:: DATA PROVIDED ::
· · · · · · ·

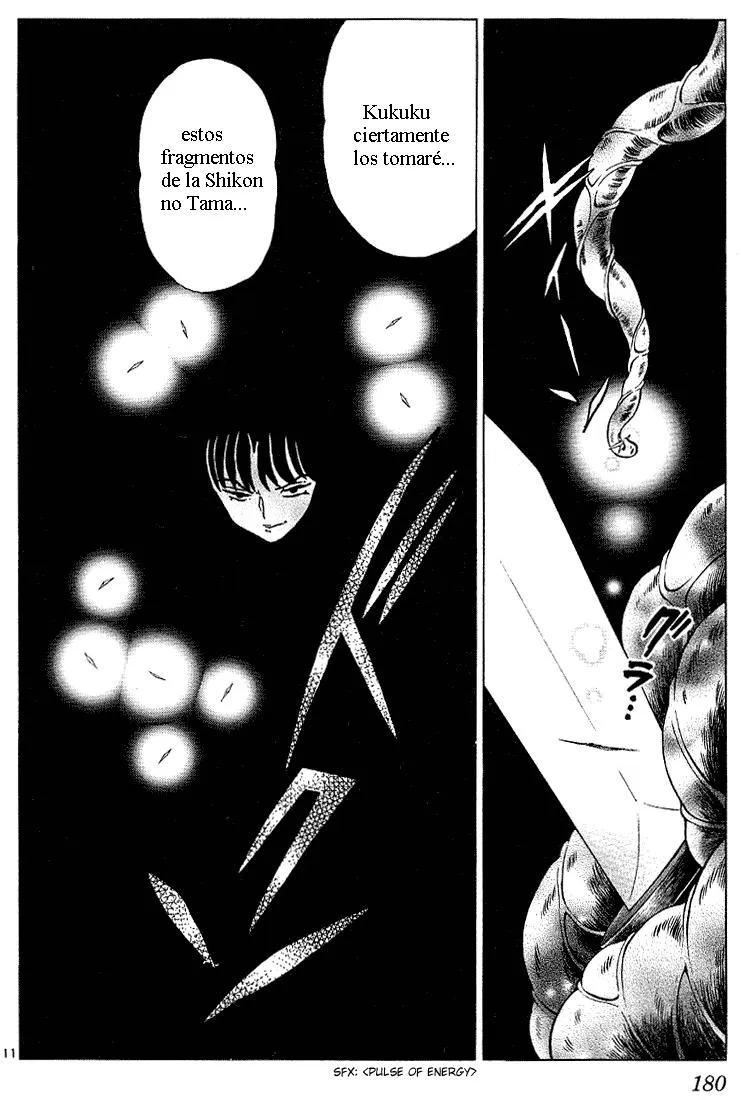 Inuyasha Capítulo 278 en Línea - página 11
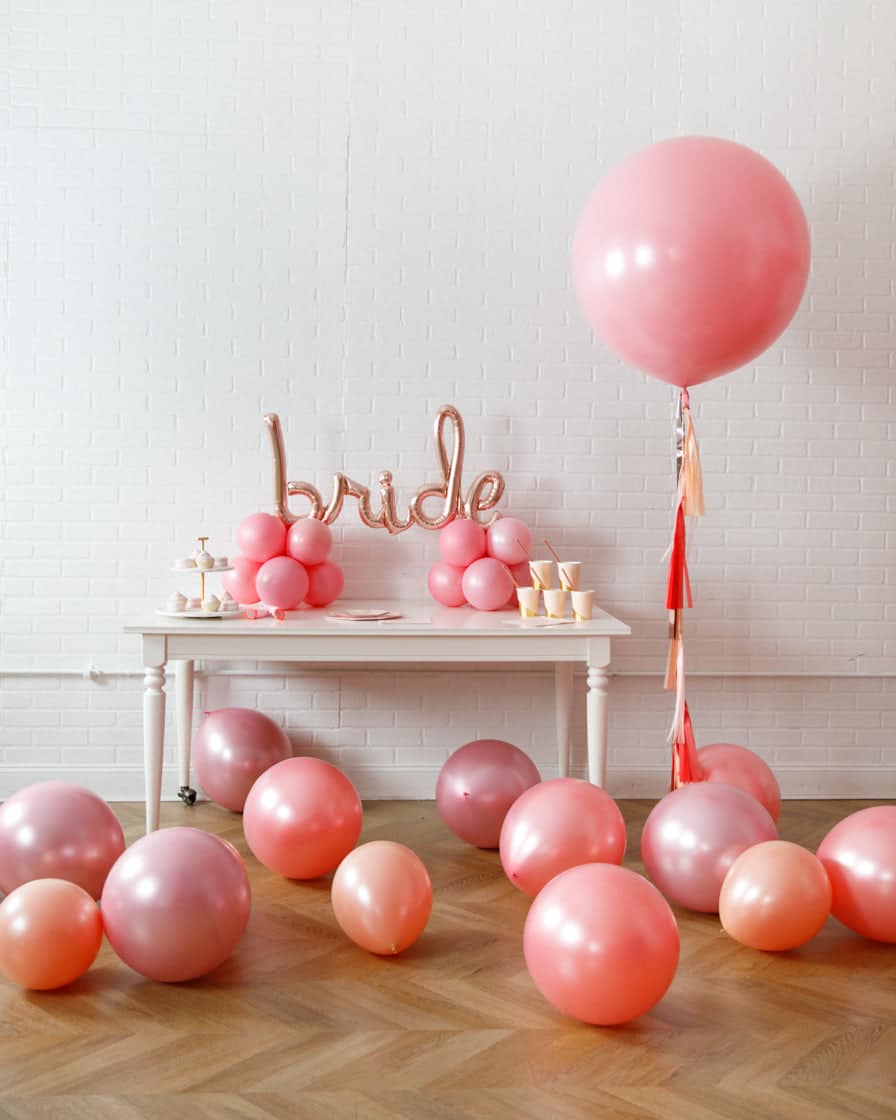 Rosé Bubbles - The Wife of the Party Set | Purchase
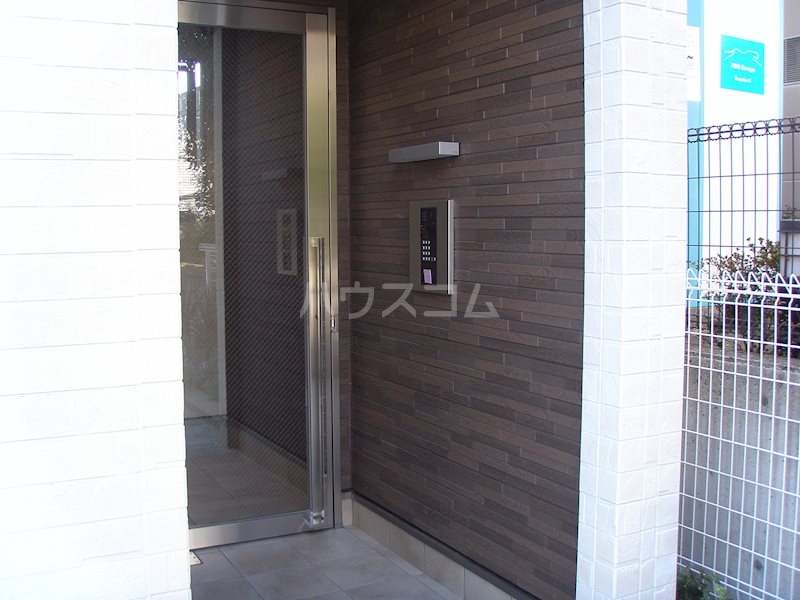 2/9 エントランス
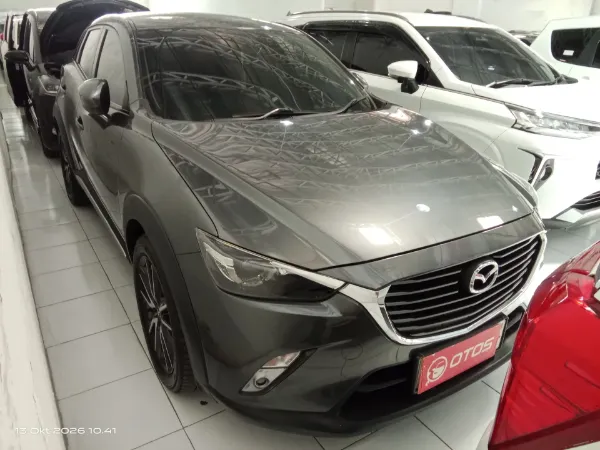 2018 Mazda CX-3 2.0 Touring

· · · · · · ·

:: ABOUT THIS EXERCISE ::
Pictures aside, give the data again exactly as it appears.

:: EXERCISE OUTPUT ::
 Inuyasha Capítulo 278 en Línea - página 11
 Rosé Bubbles - The Wife of the Party Set | Purchase
 2/9 エントランス
 2018 Mazda CX-3 2.0 Touring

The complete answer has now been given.